Man pays $16 to take over $330,000 house
The neighbors are outraged, but the Texas resident says his takeover is legal and will eventually give him title to the suburban Dallas home.
We all dream of scoring a great deal on a house.
But a $330,000 house for $16?
Kenneth Robinson of the Dallas suburb of Flower Mound, Texas, says he sealed just such a deal, taking over a vacant house by simply moving in and paying $16 to file documents with the court claiming ownership.
"This is not a normal process, but it is not a process that is not known," he told WFAA-TV in Dallas. "It's just not known to everybody."

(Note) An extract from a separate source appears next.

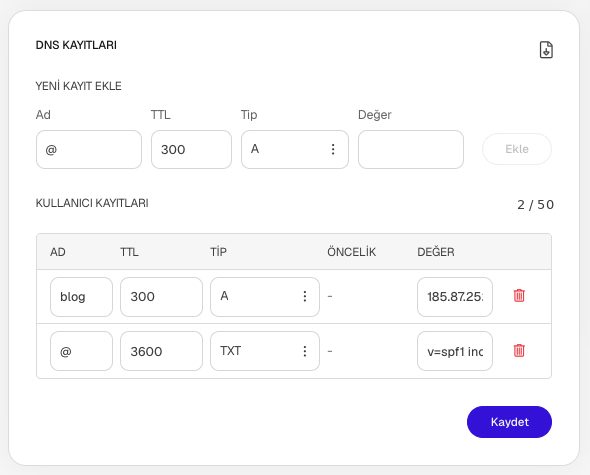 IdeaSoft DNS Kayıtları kartında ad, TTL, tip, öncelik ve değer alanları ile kayıt ekleme bölümü.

Robinson said he invested months in research to find the house. The property had been in foreclosure for more than a year, and the owner walked away. In the meantime, the lender that held the mortgage went out of business.
Robinson says he can take legal title to the house after he lives there for three years through a provision in the law called "adverse possession." Exactly how that works varies state to state.
This is how WFAA explains the situation:
… Robinson said just by setting up camp in the living room, Texas law gives him exclusive negotiating rights with the original owner. If the owner wants him out, he would have to pay off his massive mortgage debt and the bank would have to file a complicated lawsuit.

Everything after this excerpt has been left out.